Constitutional amendments have to be passed by the General Assembly with a two-thirds vote, and it has to be done twice — in consecutive legislative terms. The first leg of the amendment could go through this year, but the second leg would have to wait until the legislature, refreshed by the 2010 election, gets back to Dover next January.

Besides, the counties are interested parties here. The fees collected by the office go to them. For example, New Castle County typically pays out $1.5 million to run the office but takes in $3 million.

Why would the counties want to lose that action? Bernie Madoff could not do that, and this is legal.

Markell already took one step toward emptying the office. By putting Streett on the bench, he created a vacancy. The way the opening gets filled, according to the state constitution, is the governor is supposed to appoint someone.

This leaves Markell in the position of filling an office he would rather see disappear. It would be so un-Markell-like to be so inefficient. He could try not filling it, but there is something un-gubernatorial about blowing off the constitution.

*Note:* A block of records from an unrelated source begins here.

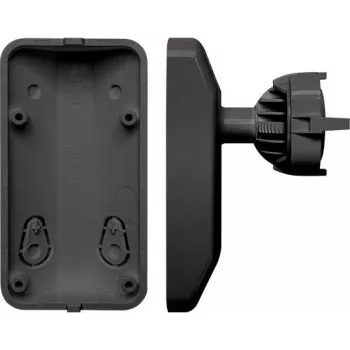 Suporte de montagem em parede SATEL BRACKET C DG para detetores (cinzento-escuro)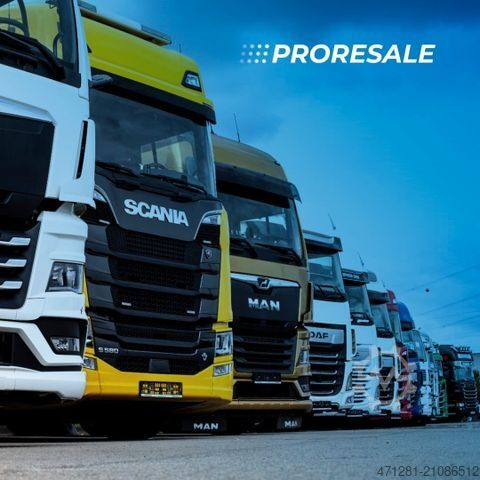 Standaard trekker DAF XF 460 FT SC EURO 6 + PARKCLIMA + 2014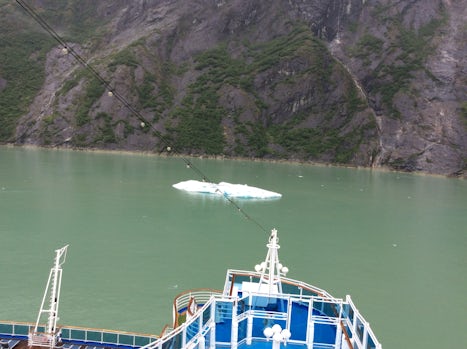 Tracy arm fjord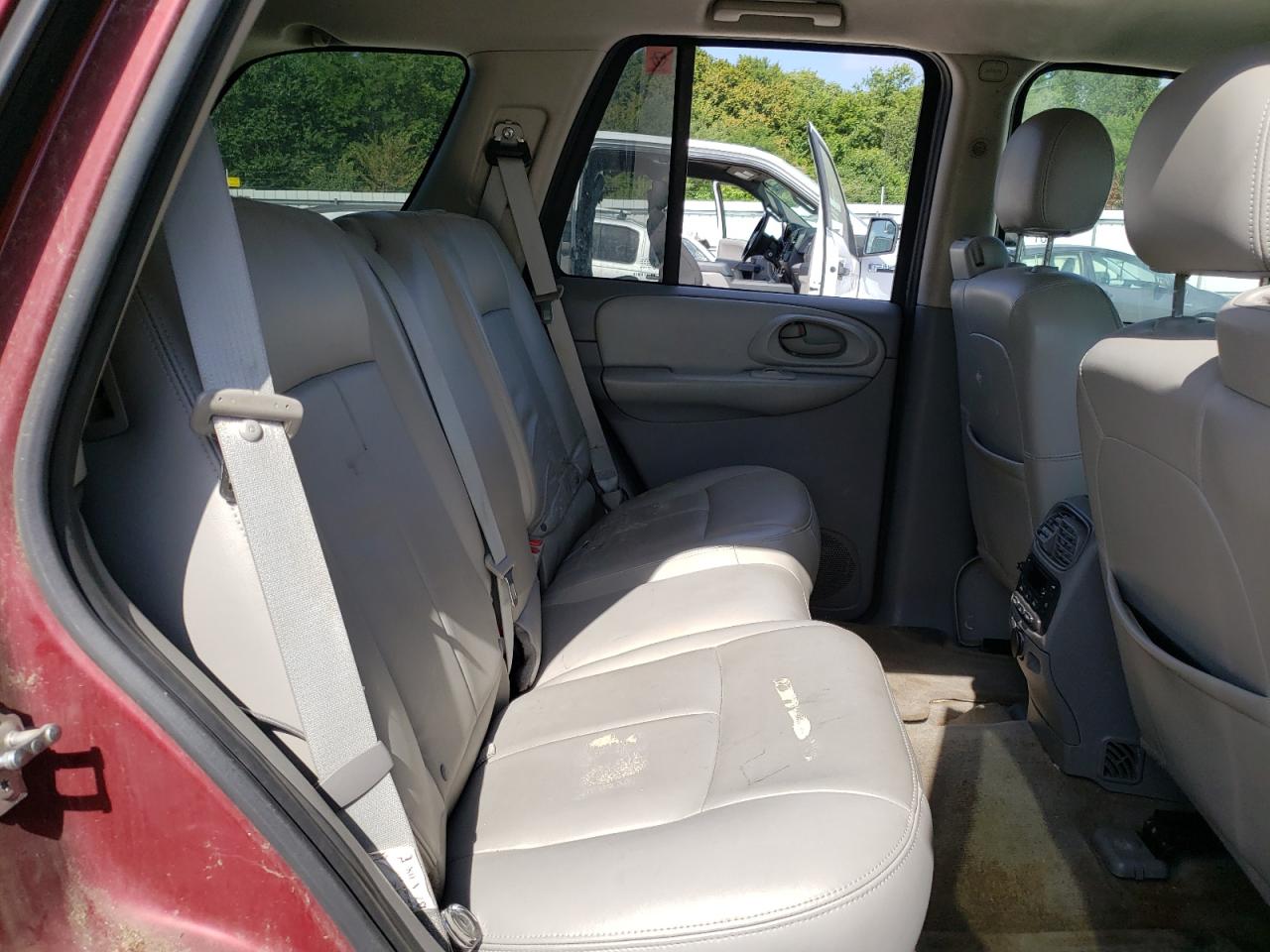 2008 Chevrolet Trailblazer Ls VIN: 1GNDS13S182217398 Lot: 65571594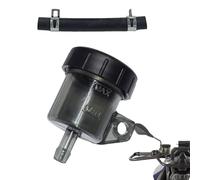 Réservoir De Liquide De Frein - ABS | Embrayage De Frein | Remplacement Du Maître-cylindre Du Réservoir De Liquide De Freins De Moto Pour Moto, Scooter, VTT, Tout-terrain, Vélos De Rue, Course, Répara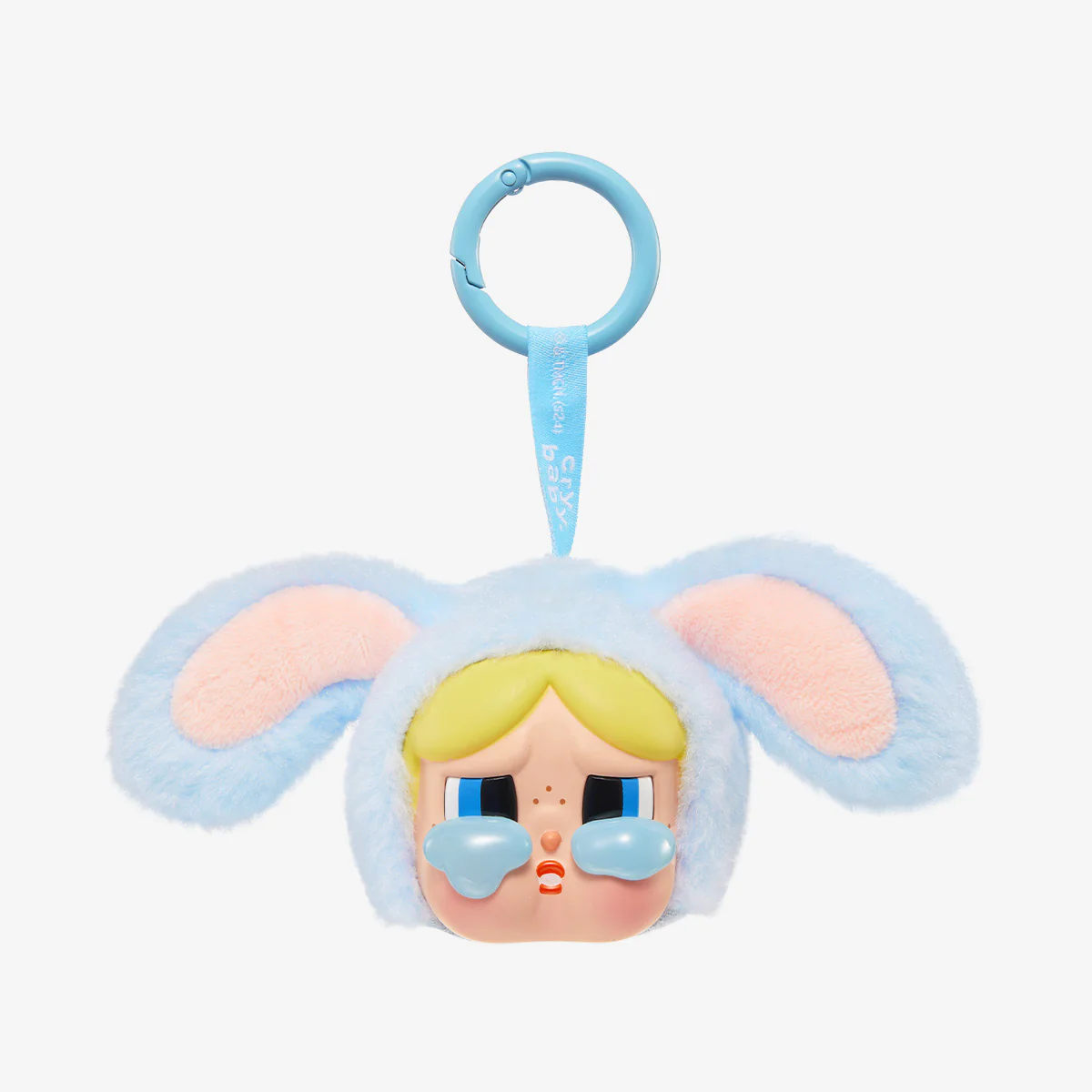 POP MART CRYBABY × Powerpuff Girls Series-Vinyl Face Plush 1 Blind Box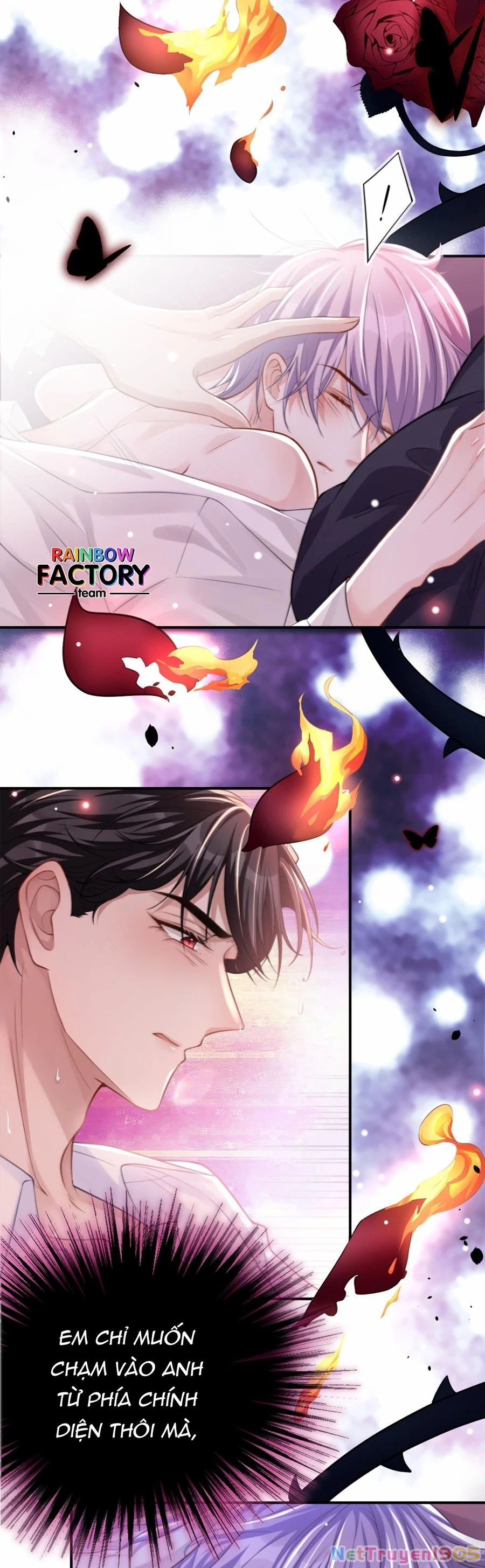 Quan Hệ Thế Thân Chapter 12 - 5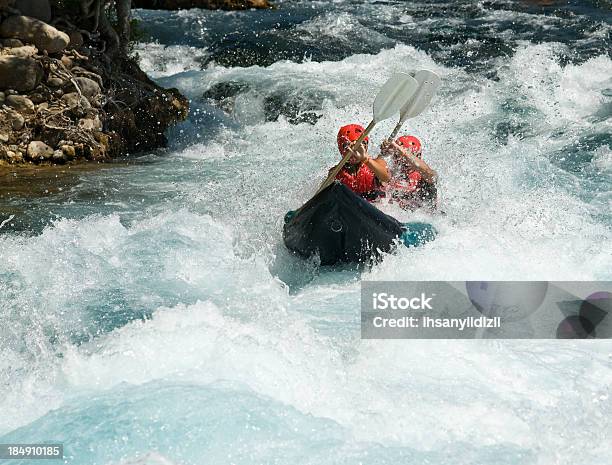 Rafting Stock Photo - Download Image Now - Rafting, Wave - Water, Activity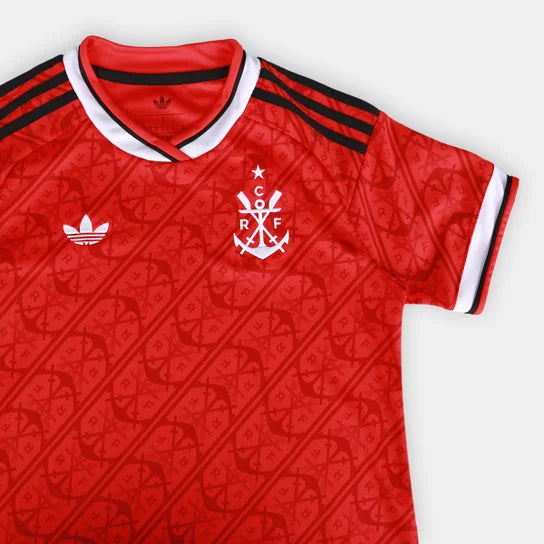 Camisa Flamengo III 26/27 Torcedor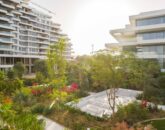 آپارتمان های اشجار در البراری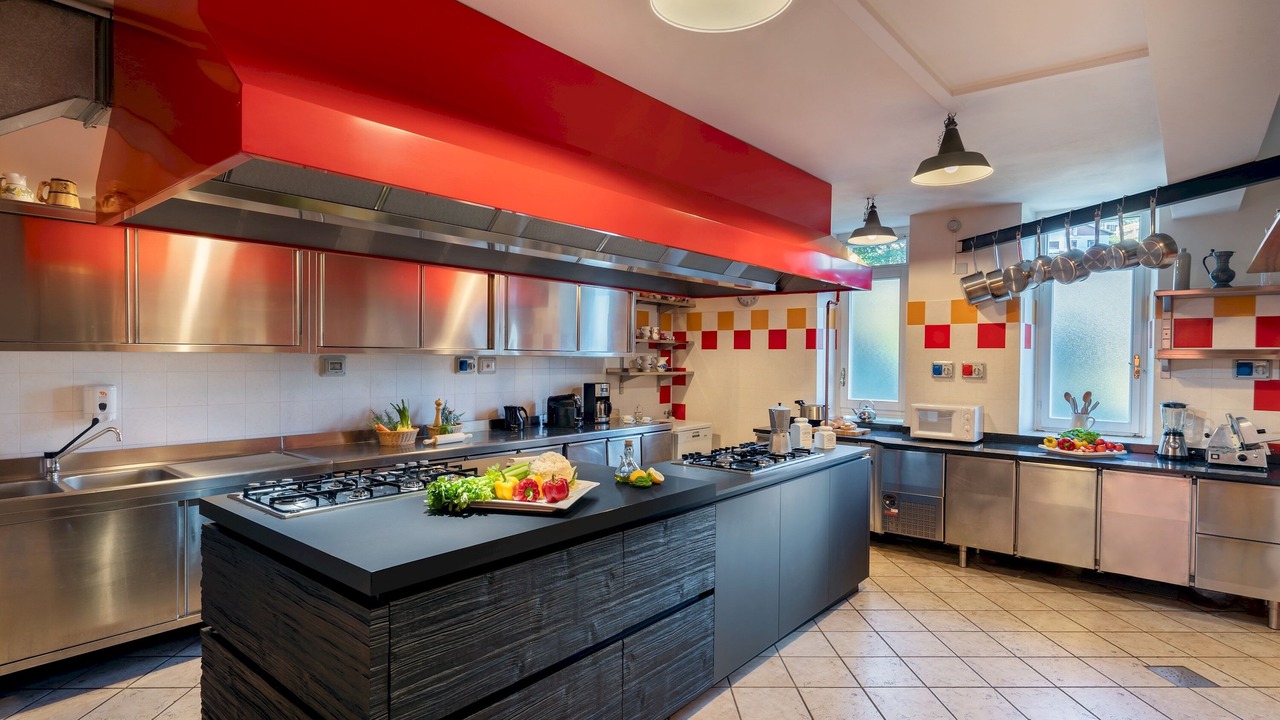Photo of Kitchen in Calozzo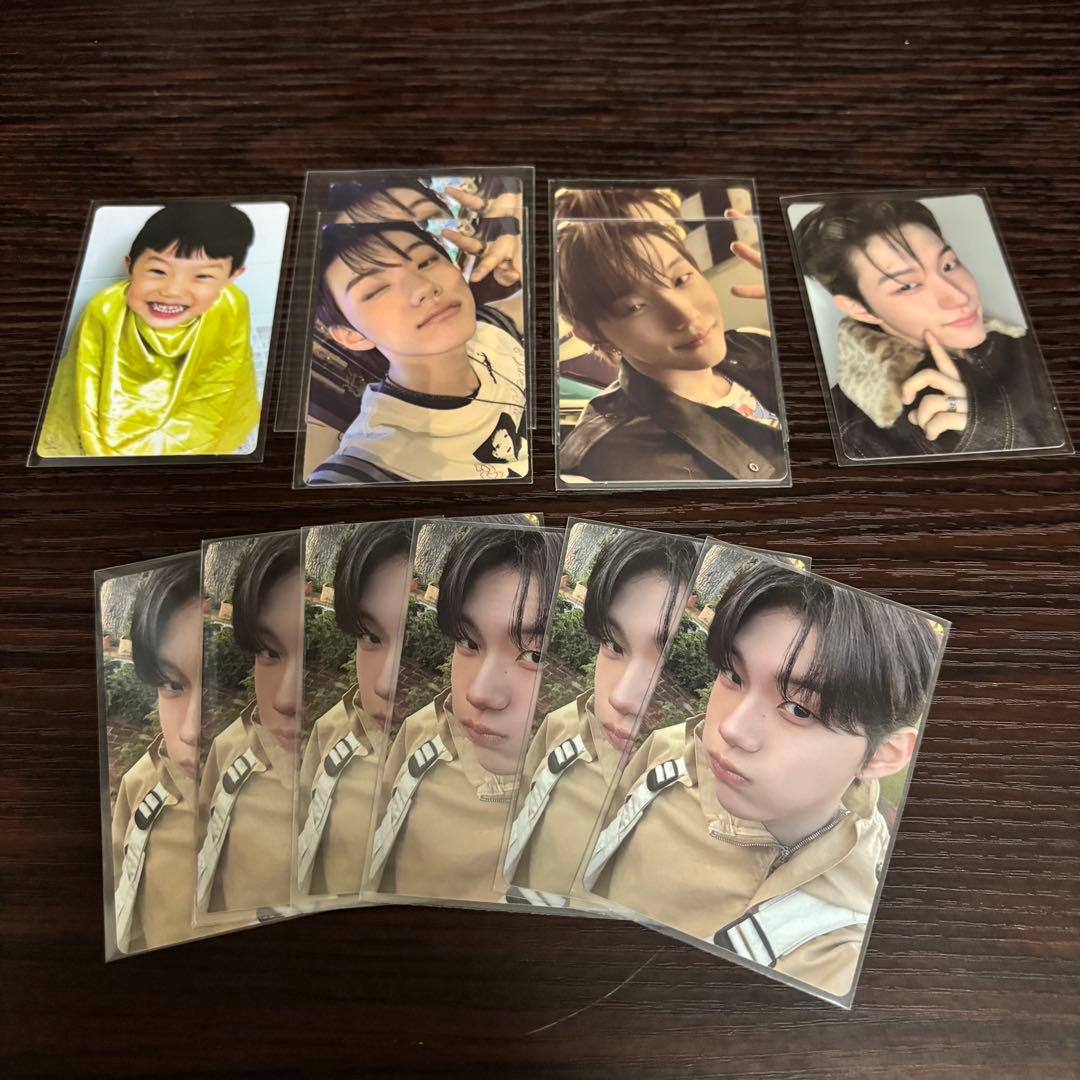 CLOSEYOUREYES クルユア トレカ ギョンベ - メルカリ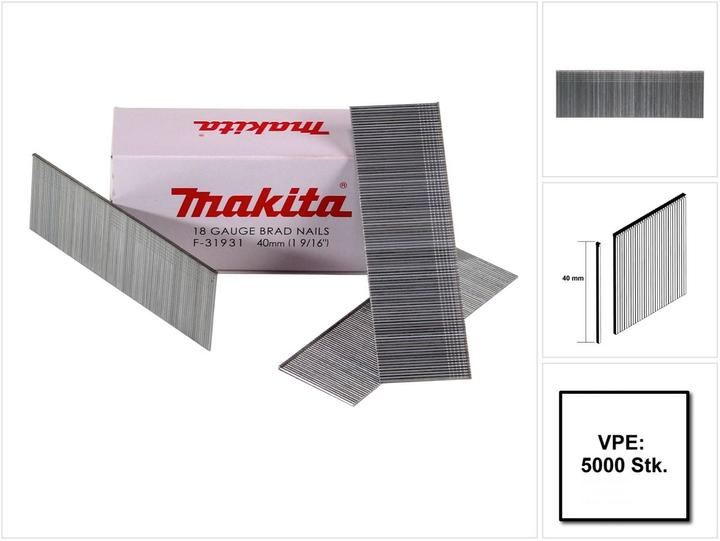 Image du produit Makita F-31931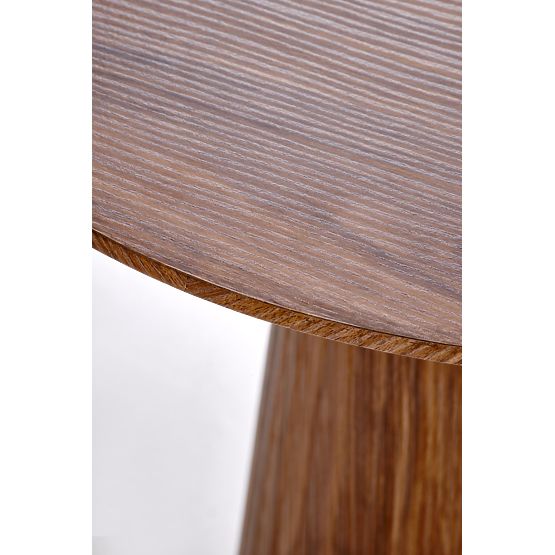 Table basse de conférence GISELA S noyer (2p=1ks)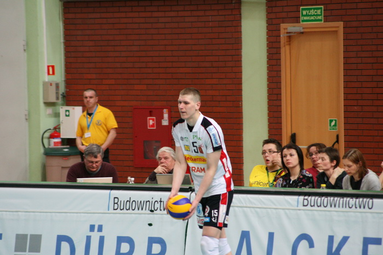 AZS Politechnika z Pucharem Prezydenta Miasta Gdańska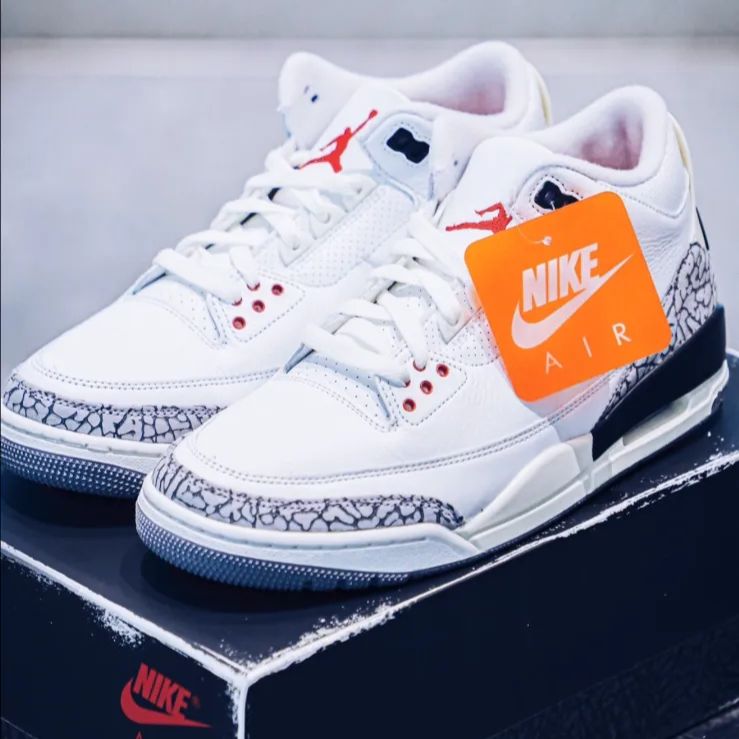 新品未使用 FV5029-141 男女兼用 Nike Air Jordan 3 Retro 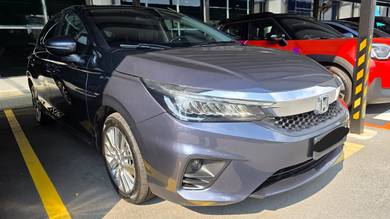 Sime darby Honda CITY 1.5 V HATCHBACK (A)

That oath about promising to uphold and defend it can be so inconvenient at times.

Fortunately Markell has a chief strategy officer for these knotty situations. He is Brian Selander, whose chief strategy for the time being is ducking questions about what the governor intends to do.

“He is giving it consideration,” Selander said.

Little attracts more notice in political circles than an office for the taking. Markell is getting suggestions about using it as a reward to give to a fine fellow Democrat or as a political safety valve to stow someone who might otherwise cause a party primary.

The names being mentioned most often are Nina Bawa, the chief deputy register of wills, who could be elevated if Markell decides he has to fill the job, or Ciro Poppiti III, a lawyer who is the New Castle County Democrats’ vice chair.

Whatever Markell does, he can be outfoxed by the political calendar. Even if he names nobody, the New Castle County office is up for election this year, and it comes with a four-year term and a salary of $83,900 a year.

Whoever gets it keeps it. Even if a constitutional amendment is adopted to abolish the office, it cannot happen retroactively.

For 84K, a lot of people could not care what the governor wants. By the time of the candidates’ filing deadline on July 30, there might be a line.